"¿Qué se puede negociar? Si se analiza seriamente, la respuesta es: muy poco, casi nada". (Foto: Lino Chipana/El Comercio)
"¿Qué se puede negociar? Si se analiza seriamente, la respuesta es: muy poco, casi nada". (Foto: Lino Chipana/El Comercio)
Fernando Rospigliosi

Muchos políticos, empresarios y analistas claman por un diálogo entre el gobierno y la oposición, específicamente entre el presidente (PPK) y . Esa sería la solución al ambiente de crispación y enfrentamientos sin fin que marcan la relación entre Ejecutivo y Congreso. En realidad, es muy improbable que esa conversación, de producirse, pueda resolver el problema.

Los que proponen el diálogo en realidad están sugiriendo una negociación, aunque en nuestra tradición ibérica y virreinal esa palabra suena feo.

El asunto es ¿qué se puede negociar? Si se analiza seriamente, la respuesta es: muy poco, casi nada. Por eso, un diálogo en las actuales circunstancias no conduce a ninguna parte, como ocurrió con los diálogos que entabló el gobierno anterior.

Si existieran grandes y manifiestas discrepancias entre el gobierno y la oposición en temas importantes, habría lugar para una negociación. Pero no hay nada de eso. ¿Cuál es la discrepancia sustancial del fujimorismo con la actual política económica y su alternativa? ¿Qué proponen en seguridad ciudadana? ¿Cuál es su programa de salud? ¿Qué hay que hacer en educación? ¿Cómo mejorar la industria y la agricultura? Y así hasta el infinito.

Lo que hace la oposición es criticar todas las fallas y errores –que los hay– que van apareciendo en la coyuntura. Ya sea el dengue en Piura, una marcha del Movadef o la baja tasa de crecimiento del PBI en un mes determinado.

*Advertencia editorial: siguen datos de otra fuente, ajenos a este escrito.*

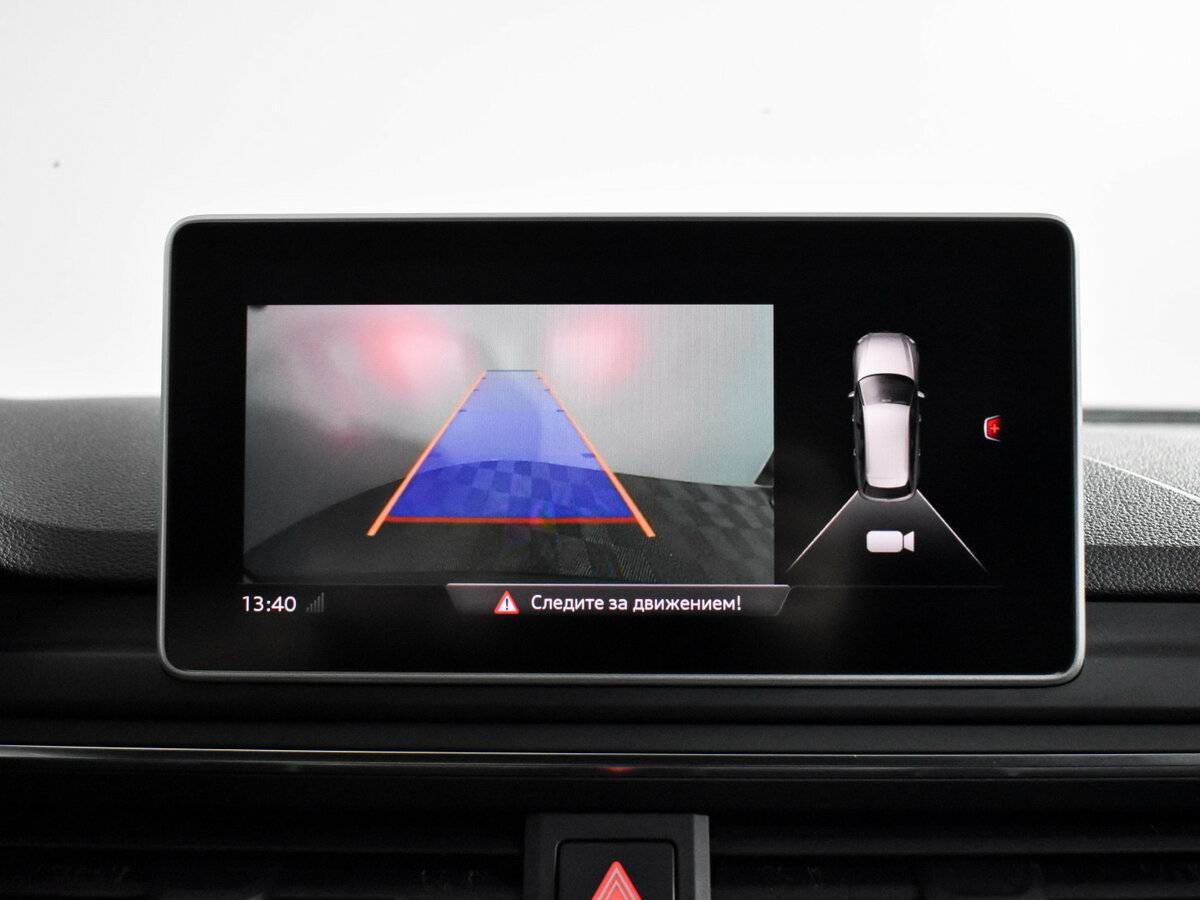 Купить Audi A4, 2016, 182 500 км, фото №18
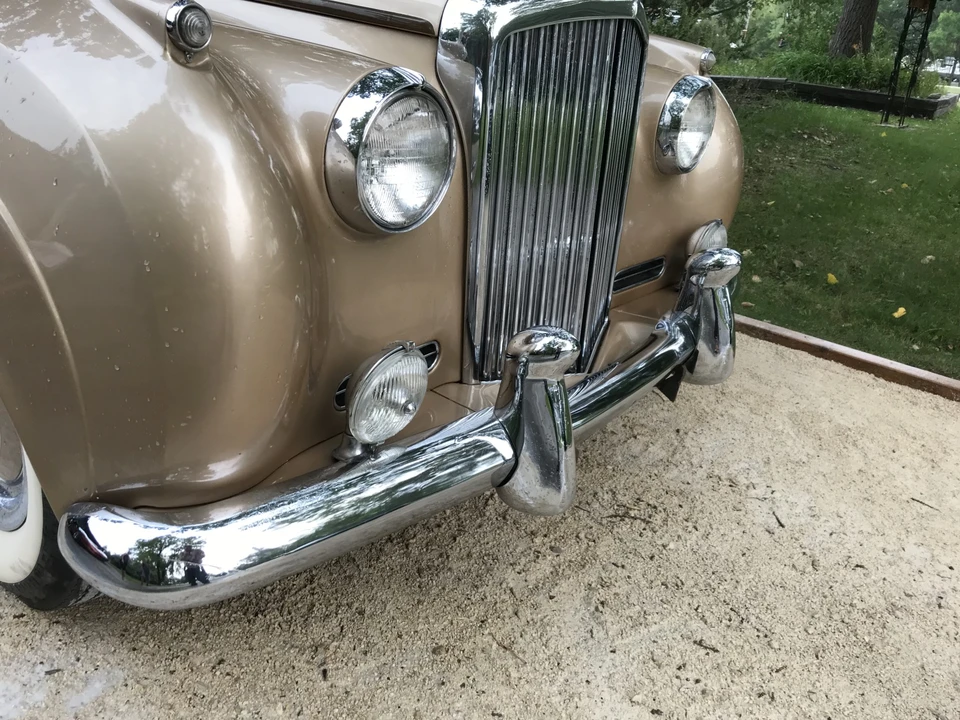 1955 Bentley S1 - Image 11 of 31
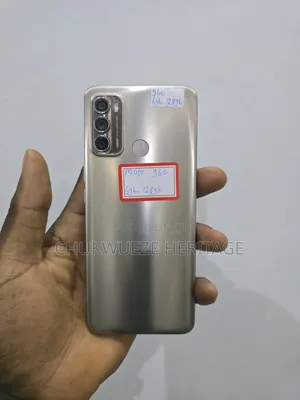 Motorola Moto G60 128 GB Rose Gold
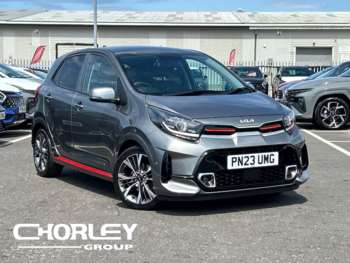 2023 - 1.0 GT-line 5dr [4 seats]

No existen disputas cruciales sobre temas relevantes. Por ejemplo, en Estados Unidos los republicanos quieren disminuir los impuestos a los ricos y los demócratas aumentarlos, unos quieren deshacer el sistema de seguro de salud de Barack Obama y otros reforzarlo, unos quieren acabar con la política de distensión con Cuba y otros proseguirla.

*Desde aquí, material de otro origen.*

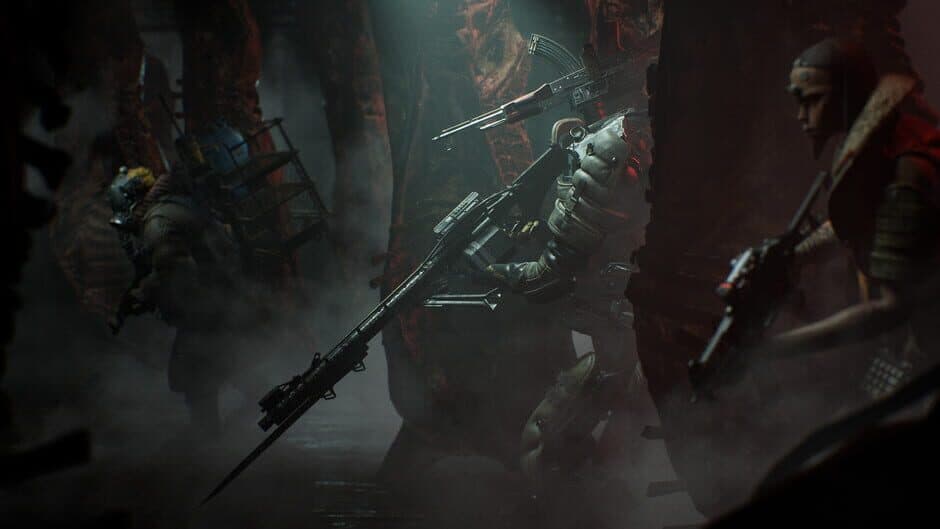 The Forever Winter — screenshot 1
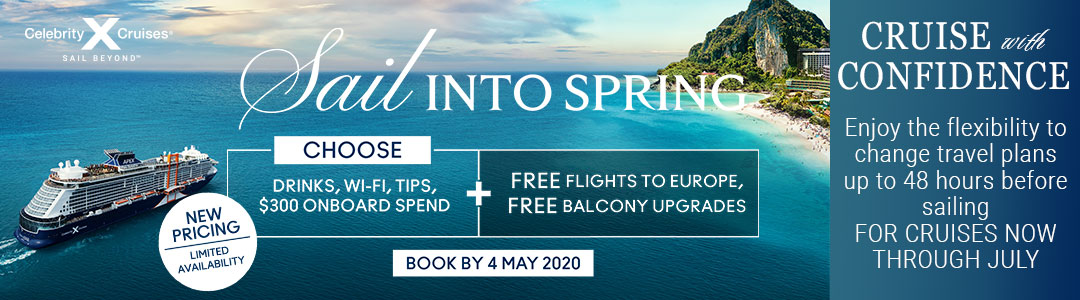 Celebrity Cruises Deals - Cruise Village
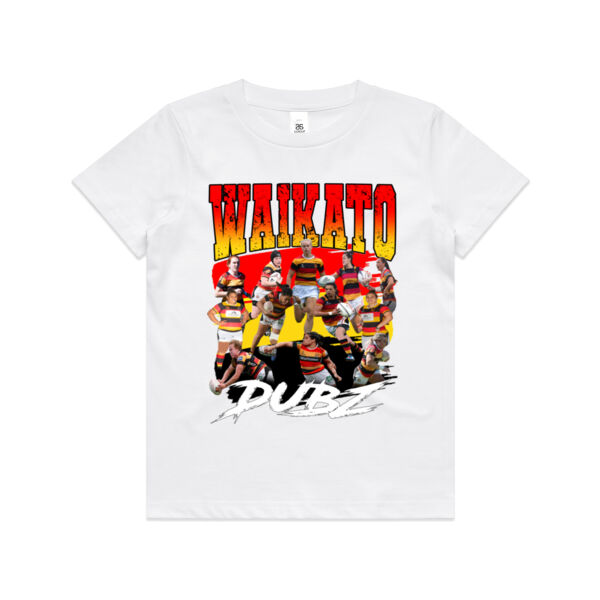 Women's NPC Waikato DUBZ YOUTH TEE Thumbnail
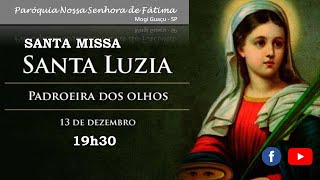 Santa Missa | Santa Luzia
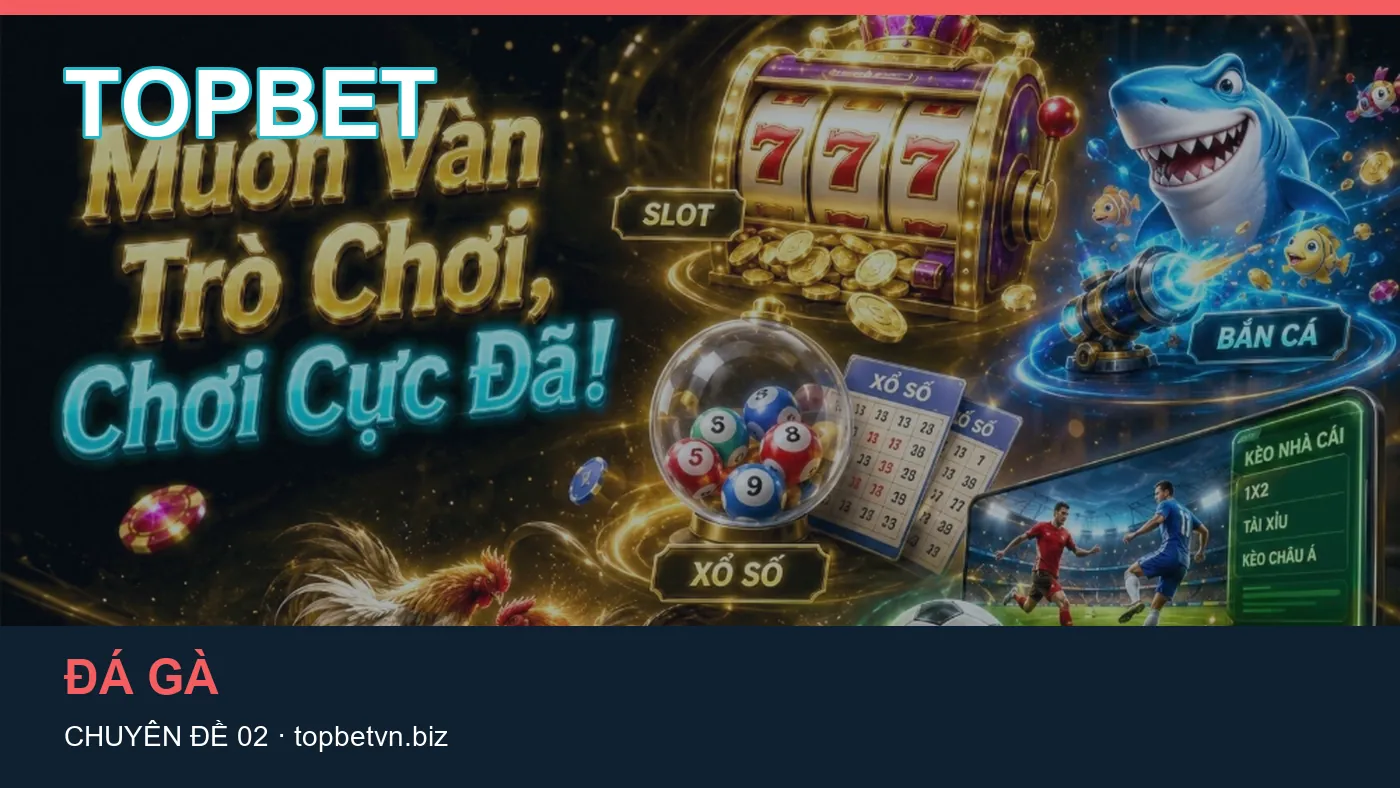 Hình minh họa bài viết TOPBET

Acá ni por asomo hay discusiones de esa naturaleza. La única política clara, consistente e identificable de la oposición es la de desgastar persistentemente al gobierno, golpearlo donde le duela y aprovechar al máximo cualquier error que cometa.

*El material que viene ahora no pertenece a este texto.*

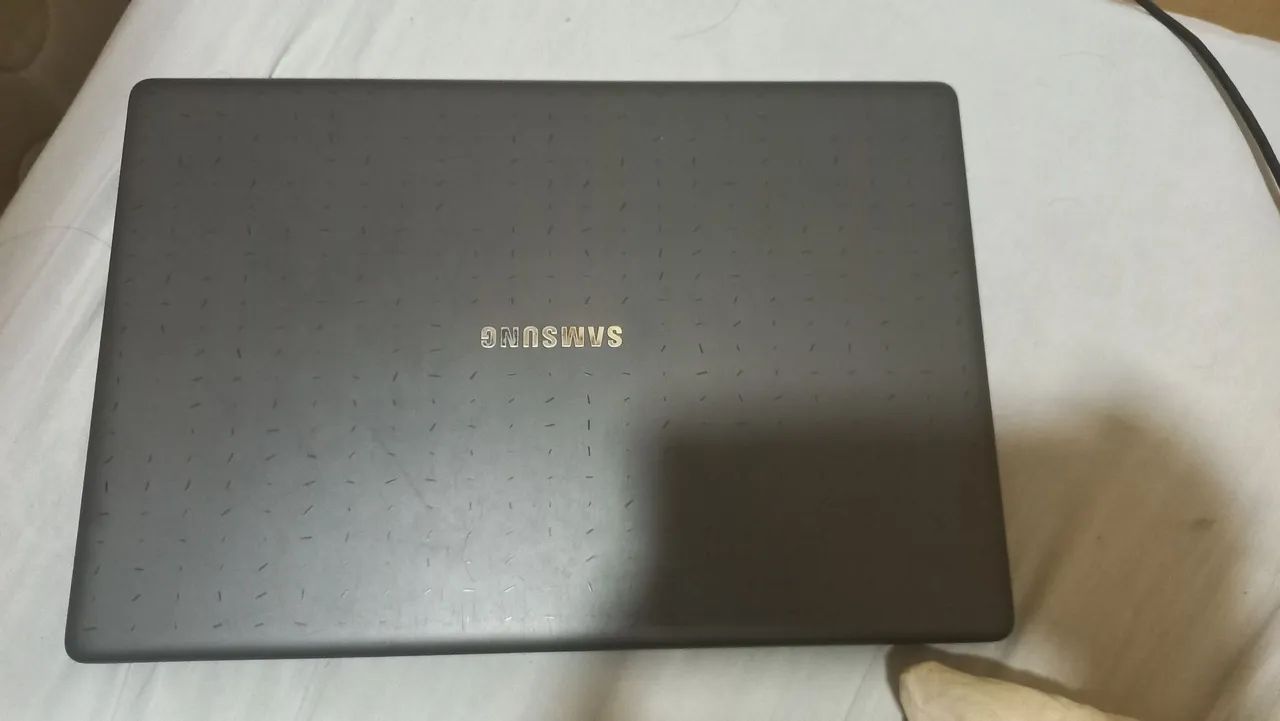 Vendo notebook Samsung 530X - Foto 4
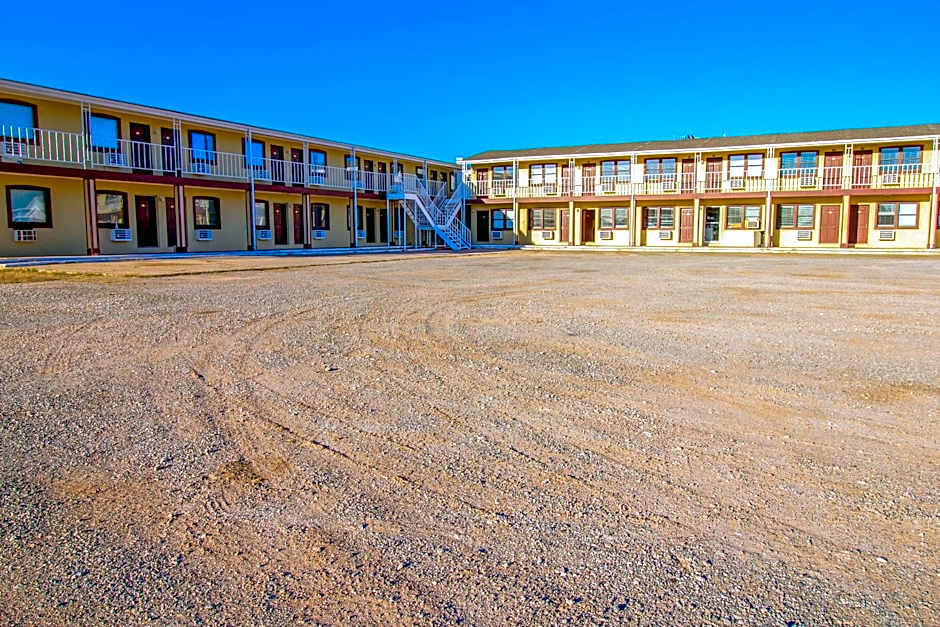 Crossroads Motel Seiling US 60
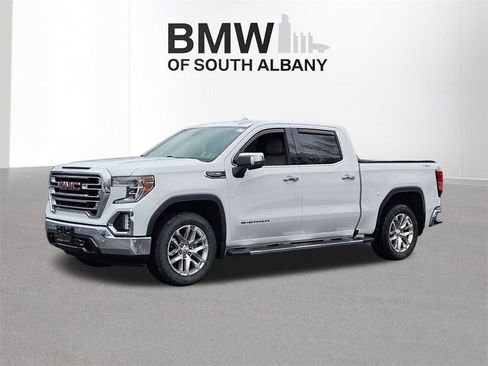 Used 2019 GMC Sierra 1500 SLT w/ SLT Premium Plus Package image 8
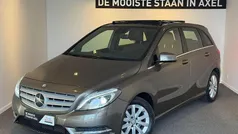Bruin Gebruikt 2012 Mercedes B200 Ambition MPV | € 12.950 (Eerlijke prijs)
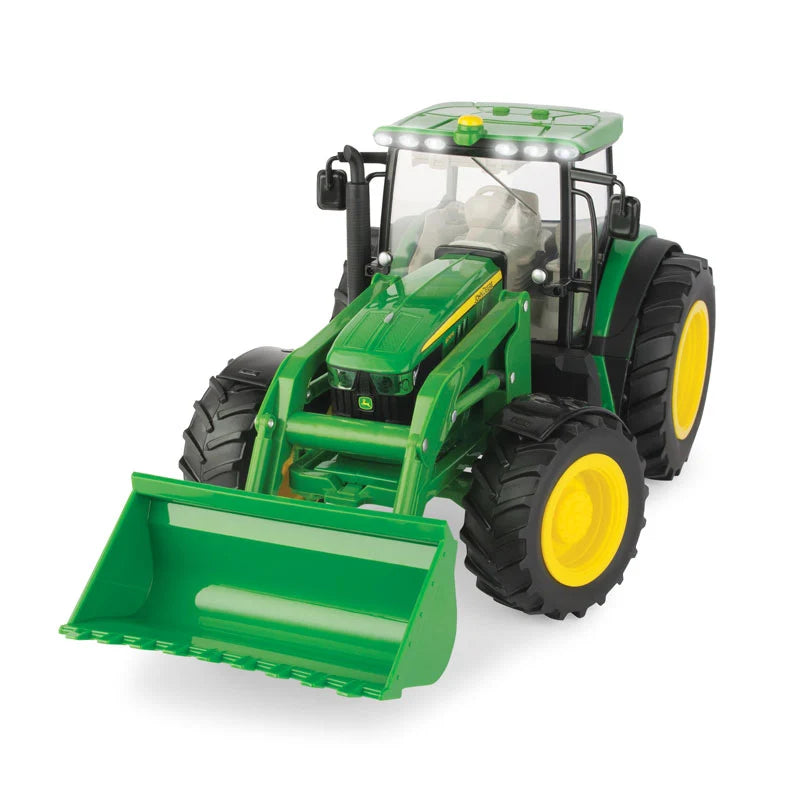 BIG FARM JOHN DEERE 6210R TRACTOR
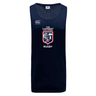 The Claremont Colleges Tempo Vapodri Singlet by Canterbury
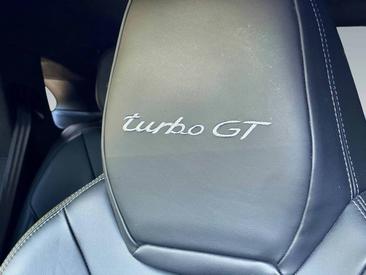 Porsche Cayenne III Turbo GT — photo 24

Por eso no tiene sentido desgañitarse pidiendo diálogo entre PPK y Keiko Fujimori con la esperanza de que de esa manera las tensiones vayan a disminuir y la paz se instale en los corazones de los políticos.

Por supuesto, no haría daño que el presidente y la lideresa de la oposición se reúnan y conversen. Y si es más de una vez, mejor. Pero eso no va a resolver ni atenuar el enfrentamiento. En otras palabras, las expectativas que tienen muchos sobre las posibilidades de un diálogo son totalmente infundadas. No hay temas que negociar, no hay bases sobre las que construir un entendimiento ahora.

El diálogo solo será, en estas circunstancias, una jugada para las tribunas, donde ambos tratarán de aparecer como apaciguadores, colaboradores y constructivos. Y al día siguiente volverán a lo mismo.

La oposición argumenta que ellos no obstruyen y ponen varios ejemplos: la aprobación del primer Gabinete, la delegación de facultades, el apoyo en la reconstrucción, etc. En realidad, han sido decisiones que no podían evitar a riesgo de un amplio descrédito, en momentos en que la aprobación del presidente no era muy baja. Pero conforme empeoran las cosas para el gobierno, el más mínimo desliz es sancionado desproporcionadamente, como la no confianza al ministro Alfredo Thorne.

La única manera en que la oposición se vería obligada a negociar seriamente con el gobierno es si este la sacudiera con una campaña política fuerte, destacando sus desaciertos –que no son pocos– y exhibiendo sistemáticamente las deficiencias de varios de sus líderes, propiciando una confrontación que amenace su fuente de poder, la mayoría que tiene en el Congreso.

O, en el otro extremo, indultando a Alberto Fujimori y realizando una amplia operación política que presente al gobierno como conciliador, ganando popularidad inmediata e imposibilitando –por lo menos temporalmente– la continuación de una política de agresión continuada del fujimorismo. Allí sí la negociación daría frutos, obligando a la oposición a comprometerse con algunos planes de conciliación.

Naturalmente, cualquier alternativa tiene sus riesgos. No hay nada seguro en el juego político, menos aun en un país sin instituciones ni bases sólidas como el Perú. Pero cualquiera de ellas es mejor que el camino al abismo por el que transitamos ahora.